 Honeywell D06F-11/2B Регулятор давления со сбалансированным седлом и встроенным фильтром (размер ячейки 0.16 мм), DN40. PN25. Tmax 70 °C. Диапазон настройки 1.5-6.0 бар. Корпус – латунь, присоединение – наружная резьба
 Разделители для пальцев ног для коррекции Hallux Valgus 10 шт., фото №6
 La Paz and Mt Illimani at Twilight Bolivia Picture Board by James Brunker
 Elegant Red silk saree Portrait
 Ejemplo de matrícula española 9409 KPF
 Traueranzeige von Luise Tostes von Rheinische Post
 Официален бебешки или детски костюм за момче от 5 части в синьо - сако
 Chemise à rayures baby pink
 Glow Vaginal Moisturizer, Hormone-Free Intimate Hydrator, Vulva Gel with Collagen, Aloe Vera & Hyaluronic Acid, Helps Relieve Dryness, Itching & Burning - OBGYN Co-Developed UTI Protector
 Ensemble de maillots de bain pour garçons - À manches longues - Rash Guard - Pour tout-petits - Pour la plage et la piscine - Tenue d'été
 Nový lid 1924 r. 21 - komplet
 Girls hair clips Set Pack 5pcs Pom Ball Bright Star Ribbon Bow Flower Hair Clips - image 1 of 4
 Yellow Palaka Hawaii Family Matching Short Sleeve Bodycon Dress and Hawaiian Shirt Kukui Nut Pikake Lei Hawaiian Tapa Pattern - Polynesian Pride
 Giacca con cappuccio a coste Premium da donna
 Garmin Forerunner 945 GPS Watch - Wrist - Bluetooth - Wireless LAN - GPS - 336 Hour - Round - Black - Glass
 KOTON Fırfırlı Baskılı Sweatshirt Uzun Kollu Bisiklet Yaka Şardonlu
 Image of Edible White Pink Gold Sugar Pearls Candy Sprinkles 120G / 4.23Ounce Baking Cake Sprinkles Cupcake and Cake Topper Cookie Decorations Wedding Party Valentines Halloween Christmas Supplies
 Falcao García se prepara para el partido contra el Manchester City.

········

> **Work instruction**
Each entry above must be repeated word for word.

> **Answer space**
 Honeywell D06F-11/2B Регулятор давления со сбалансированным седлом и встроенным фильтром (размер ячейки 0.16 мм), DN40. PN25. Tmax 70 °C. Диапазон настройки 1.5-6.0 бар. Корпус – латунь, присоединение – наружная резьба
 Разделители для пальцев ног для коррекции Hallux Valgus 10 шт., фото №6
 La Paz and Mt Illimani at Twilight Bolivia Picture Board by James Brunker
 Elegant Red silk saree Portrait
 Ejemplo de matrícula española 9409 KPF
 Traueranzeige von Luise Tostes von Rheinische Post
 Официален бебешки или детски костюм за момче от 5 части в синьо - сако
 Chemise à rayures baby pink
 Glow Vaginal Moisturizer, Hormone-Free Intimate Hydrator, Vulva Gel with Collagen, Aloe Vera & Hyaluronic Acid, Helps Relieve Dryness, Itching & Burning - OBGYN Co-Developed UTI Protector
 Ensemble de maillots de bain pour garçons - À manches longues - Rash Guard - Pour tout-petits - Pour la plage et la piscine - Tenue d'été
 Nový lid 1924 r. 21 - komplet
 Girls hair clips Set Pack 5pcs Pom Ball Bright Star Ribbon Bow Flower Hair Clips - image 1 of 4
 Yellow Palaka Hawaii Family Matching Short Sleeve Bodycon Dress and Hawaiian Shirt Kukui Nut Pikake Lei Hawaiian Tapa Pattern - Polynesian Pride
 Giacca con cappuccio a coste Premium da donna
 Garmin Forerunner 945 GPS Watch - Wrist - Bluetooth - Wireless LAN - GPS - 336 Hour - Round - Black - Glass
 KOTON Fırfırlı Baskılı Sweatshirt Uzun Kollu Bisiklet Yaka Şardonlu
 Image of Edible White Pink Gold Sugar Pearls Candy Sprinkles 120G / 4.23Ounce Baking Cake Sprinkles Cupcake and Cake Topper Cookie Decorations Wedding Party Valentines Halloween Christmas Supplies
 Falcao García se prepara para el partido contra el Manchester City.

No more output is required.